Poseído por las palabras el hombre se pierde, o se encuentra, irremediablemente. Además sabe que el silencio es siempre una elección. Hoy el escritor(y todo aquel que manipule las palabras como instrumentos de comunicación) sabe que la palabra ha perdido su mágica capacidad transformadora. No obstante la literatura es siempre la coyuntura para darle renovada vitalidad a las palabras. Creo, como Ionesco, que para aquellas experiencias dolorosas, profundas, que hacen fisuras y rendijas en el alma, no hay palabras. A veces tratamos de escuchar nuestro propio clamor, de escuchar ese poema desgarrado del universo latiendo en nuestras heridas, pero en muchos casos todo esfuerzo es infructuoso. Ya Octavio Paz lo había escrito: “El único ser que oye (o creer oír) el poema del universo, no se oye en ese poema—salvo como silencio”.

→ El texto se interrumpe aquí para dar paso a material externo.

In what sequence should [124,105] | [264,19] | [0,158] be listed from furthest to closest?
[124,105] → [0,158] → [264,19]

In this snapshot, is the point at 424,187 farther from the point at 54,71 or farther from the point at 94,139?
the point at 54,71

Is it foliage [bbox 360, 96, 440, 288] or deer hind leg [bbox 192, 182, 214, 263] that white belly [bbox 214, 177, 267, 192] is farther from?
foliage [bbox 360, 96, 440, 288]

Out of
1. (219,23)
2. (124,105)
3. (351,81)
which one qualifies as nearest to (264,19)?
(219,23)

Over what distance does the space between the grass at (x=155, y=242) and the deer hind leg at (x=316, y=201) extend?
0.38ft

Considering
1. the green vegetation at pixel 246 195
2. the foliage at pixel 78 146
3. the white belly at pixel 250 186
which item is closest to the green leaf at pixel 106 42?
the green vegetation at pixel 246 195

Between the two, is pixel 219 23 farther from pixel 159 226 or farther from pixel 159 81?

Se ha escrito que una civilización donde la palabra lo es todo es malsana. Hablamos y escribimos demasiado. Demasiadas trivialidades, disfrazadas de erudición, nos bombardean a diario. La ligereza de los discursos académicos y políticos todo lo infecta. Las frases hechas y los tópicos nos cercan. De ese terreno oscuro, donde la palabra se torna una falsa certeza, tratamos de escapar sacándole luz a las palabras de siempre. De la vivacidad y nervio de las palabras depende nuestra existencia. Lo escrito por Emilio Lledó es exacto: “Vivir es poder hablar, poder utilizar la palabra como apertura hacia horizontes nuevos, poder desgarrar el velo de la estupidez colectiva con el que distintos grupos sociales tiñen el lenguaje”.
Hoy trato de no ser como Ulises e intento escuchar el silencio que fluye escondido, como la miel, en cualquier torrente de palabras. Salvarse en el silencio es una elección, pero no ya la mía. Encadenado al mástil del silencio escucho atentamente y trato de expresarme e intento escribir, con todas las limitaciones del caso, al filo de ese milagro que en definitiva es el habla.